### Given information ###

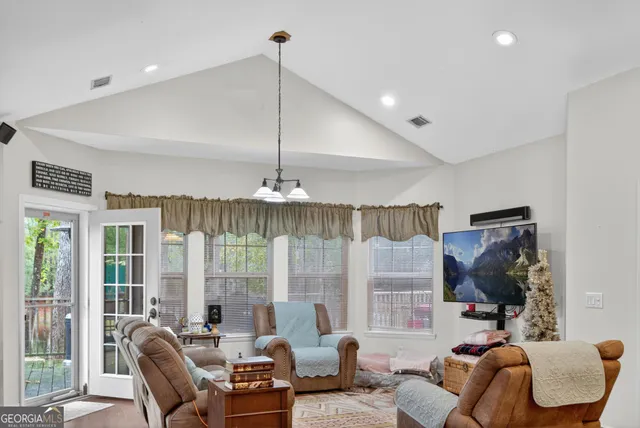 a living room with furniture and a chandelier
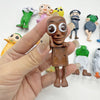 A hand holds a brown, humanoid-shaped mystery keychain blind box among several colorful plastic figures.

###
### Given information ###

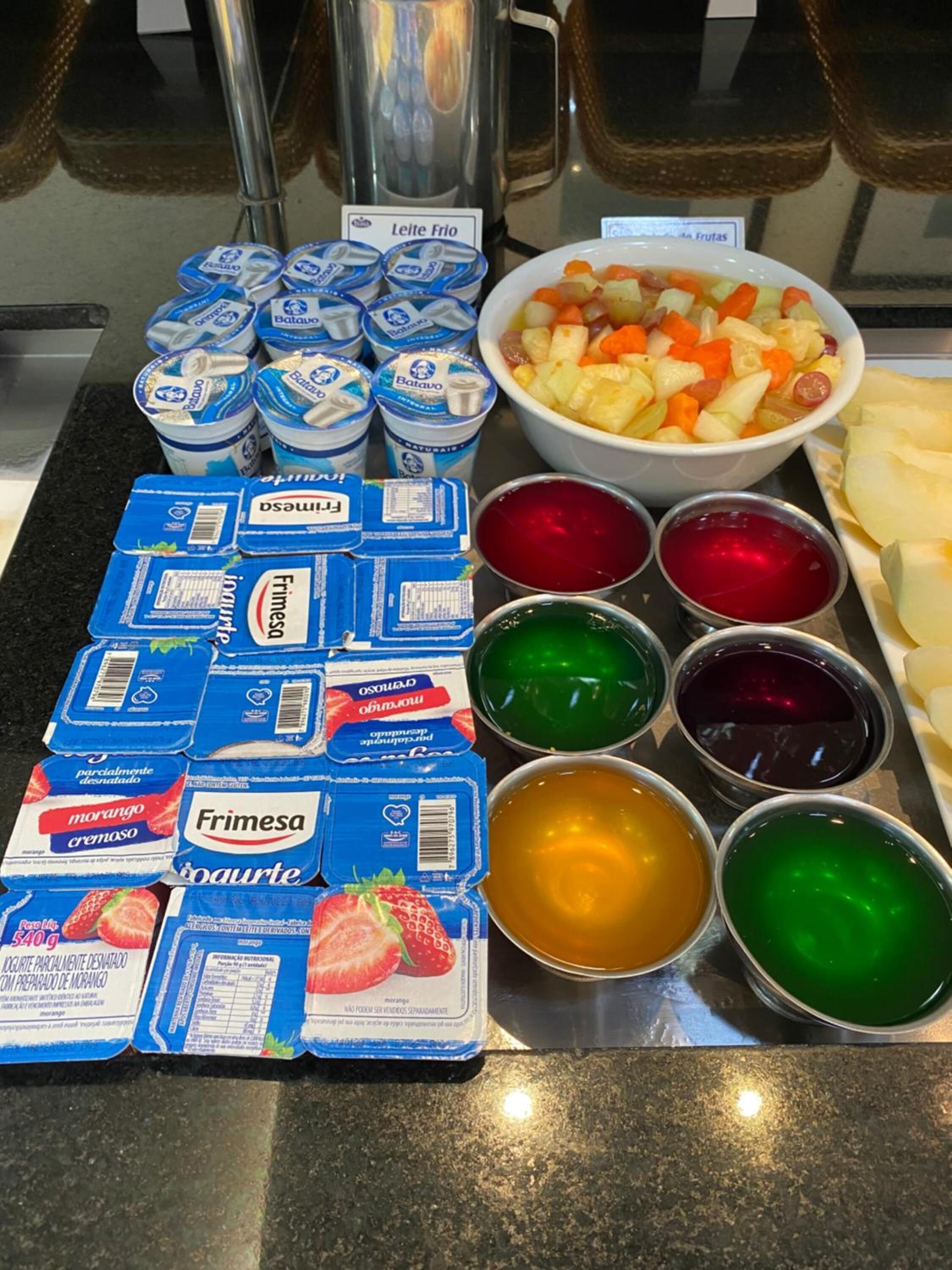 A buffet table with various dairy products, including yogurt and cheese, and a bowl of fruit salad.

###

From the line containing "a living room" through the line containing "A hand holds", copy every line above exactly, without pictures.

** Output **
 a living room with furniture and a chandelier
 A hand holds a brown, humanoid-shaped mystery keychain blind box among several colorful plastic figures.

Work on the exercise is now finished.